Alors que beaucoup de bateaux de pêche sont contraints de rester à quai, les navires hauturiers congélateurs poursuivent ces jours-ci leur marée notamment dans le Golfe de Gascogne. Une situation dénoncée par l'association « Pleine Mer » qui y voit une injustice.
Ils ont pour nom « Sandettie », « Frank Bonefaas » ou « Annie Hillina ». Ces chalutiers mesurent plus de 80 mètres de long et se trouvent actuellement en pêche dans le golfe de Gascogne. Leurs cales se remplissent de poissons, maquereaux notamment, qui sont surgelés à bord afin d'être débarqués dans plusieurs jours. La pandémie ne semble pas avoir de prise sur l'activité en mer, en apparence et dans un premier temps.

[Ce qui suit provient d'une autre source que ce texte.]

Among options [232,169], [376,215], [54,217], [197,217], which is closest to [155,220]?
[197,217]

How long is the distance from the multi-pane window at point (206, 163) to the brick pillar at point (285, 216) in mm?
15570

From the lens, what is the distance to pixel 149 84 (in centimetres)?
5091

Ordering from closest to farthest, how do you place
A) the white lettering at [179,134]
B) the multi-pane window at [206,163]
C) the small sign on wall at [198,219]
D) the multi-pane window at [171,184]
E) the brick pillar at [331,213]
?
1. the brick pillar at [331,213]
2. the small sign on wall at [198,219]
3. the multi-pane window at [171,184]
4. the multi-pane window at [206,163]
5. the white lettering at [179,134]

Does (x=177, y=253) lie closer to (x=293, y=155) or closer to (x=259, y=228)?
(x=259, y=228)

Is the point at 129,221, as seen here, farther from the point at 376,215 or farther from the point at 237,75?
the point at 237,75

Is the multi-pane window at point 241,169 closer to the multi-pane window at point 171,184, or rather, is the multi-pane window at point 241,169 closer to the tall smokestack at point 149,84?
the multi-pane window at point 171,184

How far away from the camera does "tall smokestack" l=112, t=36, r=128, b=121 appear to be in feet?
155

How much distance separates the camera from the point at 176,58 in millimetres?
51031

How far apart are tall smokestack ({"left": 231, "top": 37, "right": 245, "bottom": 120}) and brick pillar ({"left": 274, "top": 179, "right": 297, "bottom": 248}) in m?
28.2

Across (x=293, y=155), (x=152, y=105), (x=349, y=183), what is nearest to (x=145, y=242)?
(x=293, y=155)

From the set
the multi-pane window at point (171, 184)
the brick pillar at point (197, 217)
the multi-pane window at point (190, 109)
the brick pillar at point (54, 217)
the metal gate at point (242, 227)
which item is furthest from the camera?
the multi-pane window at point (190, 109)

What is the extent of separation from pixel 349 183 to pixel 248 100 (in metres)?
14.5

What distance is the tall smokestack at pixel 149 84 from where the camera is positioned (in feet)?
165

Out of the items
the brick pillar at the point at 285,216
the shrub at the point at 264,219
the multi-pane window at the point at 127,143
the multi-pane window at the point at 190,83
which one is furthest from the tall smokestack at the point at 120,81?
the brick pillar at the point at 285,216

Tout le contraire des pêcheurs artisans qui subissent la crise de plein fouet, et cela depuis plusieurs jours, avant même les mesures de confinement : effondrement des cours, baisse de la consommation et des débouchés, mise à l'arrêt des criées et au final, retour à quai pour de nombreux navires. L'immobilisation risque de durer.
Une situation vécue comme une injustice
Cette différence de situation scandalise l'association « Pleine Mer » qui milite pour une pêche équitable. Forte d'une cinquantaine de membres répartis sur tout le littoral atlantique, elle fustige ces chalutiers géants "qui peuvent chacun avaler 250 tonnes (de maquereau) toutes les nuits. Les pêcheurs artisans, quand ils ont la chance d'avoir du quota de maquereau, peuvent le pêcher à la ligne, au chalut ou à la bolinche pour des quantités qui varient entre 500Kg et quelques tonnes par jour. L'injustice est donc flagrante".

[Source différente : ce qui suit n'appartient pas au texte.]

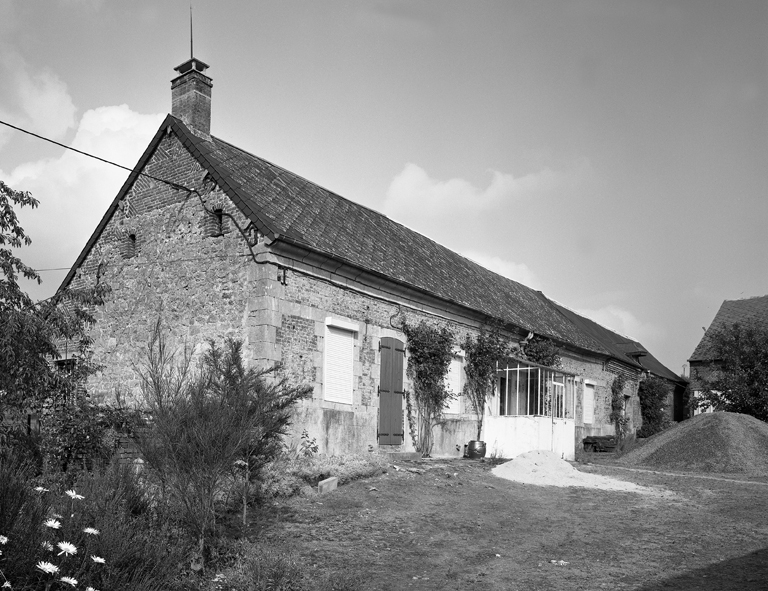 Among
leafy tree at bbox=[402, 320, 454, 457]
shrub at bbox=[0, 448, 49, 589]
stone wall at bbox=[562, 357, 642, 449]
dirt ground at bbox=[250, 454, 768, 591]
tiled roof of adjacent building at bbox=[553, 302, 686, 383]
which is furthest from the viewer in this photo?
tiled roof of adjacent building at bbox=[553, 302, 686, 383]

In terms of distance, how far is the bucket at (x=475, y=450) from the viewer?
16.4 metres

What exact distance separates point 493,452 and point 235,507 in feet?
29.5

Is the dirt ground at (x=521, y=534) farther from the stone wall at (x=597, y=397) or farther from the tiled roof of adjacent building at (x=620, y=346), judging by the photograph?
the tiled roof of adjacent building at (x=620, y=346)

Dans un communiqué, elle relaie l'agacement d'un pêcheur de Saint-Jean-de-Luz : "alors qu'on nous empêche d'aller en mer, de pratiquer notre métier qui nourrit les gens, on laisse des chalutiers géants détruire la ressource pour faire du profit".On laisse des chalutiers géants détruire la ressource.
Grands bateaux : difficultés à l'horizon
Le déséquilibre risque cependant de ne pas durer longtemps. "Il y a de l'inertie sur cette flottille de grands bateaux, explique Marc Ghiglia de l'Union des Armateurs à la Pêche de France. Ils étaient en mer et ne sont pas rentrés, mais ils vont avoir de plus en plus de difficultés, d'abord pour débarquer leur production, et pour organiser les relèves d'équipages".

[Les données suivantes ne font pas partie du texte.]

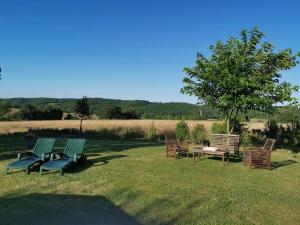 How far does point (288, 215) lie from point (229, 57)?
982 cm

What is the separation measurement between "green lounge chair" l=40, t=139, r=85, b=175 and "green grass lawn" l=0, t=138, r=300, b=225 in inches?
10.4

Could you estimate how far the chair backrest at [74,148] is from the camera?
1179cm

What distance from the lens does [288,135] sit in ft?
65.9

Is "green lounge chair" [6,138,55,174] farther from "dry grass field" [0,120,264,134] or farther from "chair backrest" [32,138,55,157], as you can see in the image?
"dry grass field" [0,120,264,134]

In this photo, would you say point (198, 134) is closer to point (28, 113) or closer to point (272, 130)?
point (272, 130)

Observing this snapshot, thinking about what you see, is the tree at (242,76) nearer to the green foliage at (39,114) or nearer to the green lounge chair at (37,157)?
the green lounge chair at (37,157)

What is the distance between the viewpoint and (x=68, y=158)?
11.4 meters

Loin de nos côtes, sur les thoniers qui fréquentent l'océan Indien, les relèves s'avèrent quasiment impossibles : aux difficultés de transport s'ajoute la fermeture des frontières. Aujourd'hui, la question semble porter davantage sur le rapatriement des marins que sur le renouvellement des équipages.
Quant au produit de la pêche, il ne connaît pas de problèmes de marché dans l'immédiat car il peut être stocké. Mais encore faut-il pouvoir le débarquer alors que la continuité des services portuaires n'est pas garantie partout, et bénéficier de lieux de stockage autres que les cales des navires. Sous peine de rester à quai, eux aussi.La rivalité entre pêche artisanale et industrielle est exacerbée en cette période troublée, et tous les armateurs ne sont pas égaux pour la traverser. Mais l'ensemble du secteur risque de souffrir.